No contexto linguístico, o Cinema é uma linguagem, por possuir elementos estruturais que produzem significado, podendo ser segmentado, dos elementos mais simples aos mais complexos, que no caso da linguagem cinematográfica vão da unidade mínima, o plano, a mais complexa, o filme. Assim, o filme é formado pela unidade mínima do plano, filmado de um determinado ângulo, que se associa com outros planos para formar sequências, que juntas formam cenas, que associadas constituem o filme. Há ainda recursos técnicos como a movimentação de câmera em zoom-in e zoom-out, além das panorâmicas: horizontais e verticais. 

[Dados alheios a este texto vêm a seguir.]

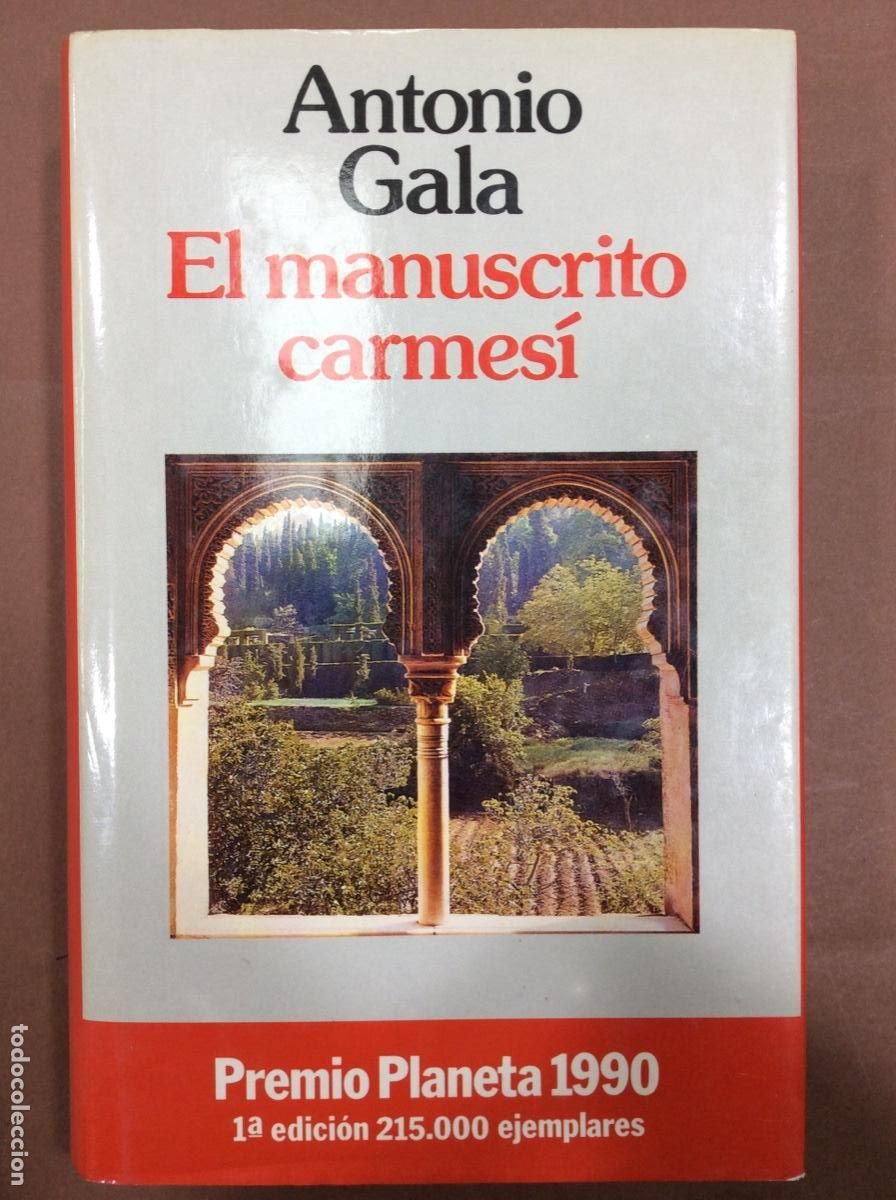Libros: El manuscrito carmes&iacute; Antonio Gala - Foto 1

Aos analisarmos os elementos estruturais da linguagem cinematográfica, tem-se a descrição do sistema e como ele pode produzir significado, como a escolha do ângulo: que pode ser feito a partir de uma câmera alta ou baixa, no qual no filme se eu escolher a primeira para a composição de um plano, a personagem será filmada de cima para baixo, o que daria o significado de inferioridade, a segunda funciona de forma oposta sugerindo uma superioridade, tanto que nos vídeos de propaganda política sempre é utilizada a câmera baixa, filmando o político de baixo para cima. 

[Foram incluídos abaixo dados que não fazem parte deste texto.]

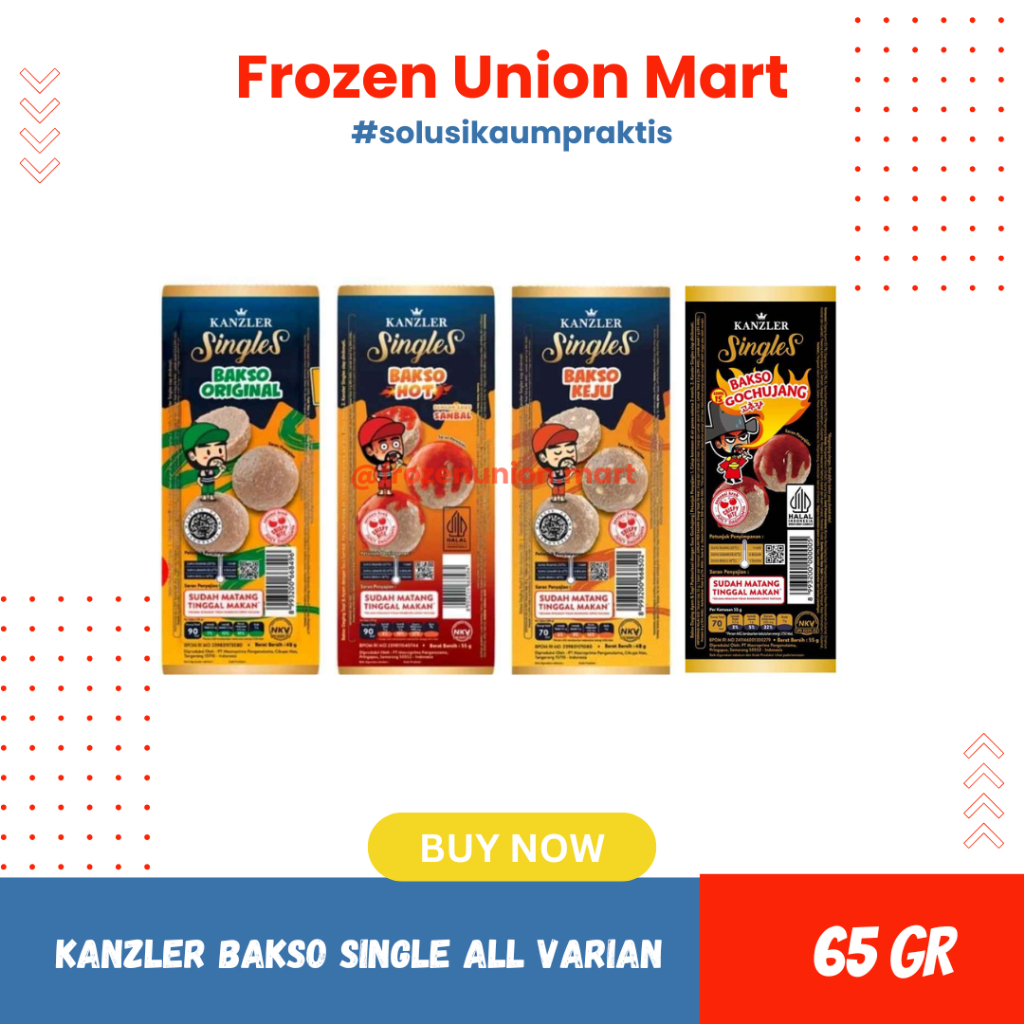

Kanzler Bakso Singles All Variant Original / Keju / Hot / Gochujang 65 gr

Em relação ao plano, que é a distância das personagens e dos objetos da câmera, tem-se o Plano geral no qual se mostra uma paisagem ou um cenário completo; o Plano de conjunto onde há um grupo de personagens; Plano médio: tem-se um trecho de um ambiente, em geral com pelo menos um personagem em quadro; no Plano americano mostra-se um único personagem enquadrado não de corpo inteiro (da cabeça até a cintura, ou até o joelho); já no Primeiro plano há um único personagem em enquadramento mais fechado que o Plano americano (em muitas situações, o Primeiro plano é considerado sinônimo de close-up); no Plano próximo, grande plano ou close-up (ou apenas close) filma-se o rosto de um personagem; por fim, no Plano detalhe mostra-se uma parte do corpo de um personagem ou apenas um objeto. 
Assim, dependendo da terminologia adotada por teóricos, críticos e cineastas, há a filiação a uma concepção de Arte, da clássica, que divide as Artes em Artes espaciais e Artes temporais, numerando-as em: a 1ª Música; 2ª Dança; 3ª Pintura; 4ª Escultura; 5ª Teatro; 6ª Literatura e a 7ª, o Cinema. Já na perspectiva estruturalista, as Artes são linguagens que possuem um sistema estrutural de produção de significado, sendo linguagens. Portanto, se em algum texto estiver escrito Sétima Arte ou Linguagem cinematográfica sabe-se a postura e o posicionamento do autor perante o Cinema.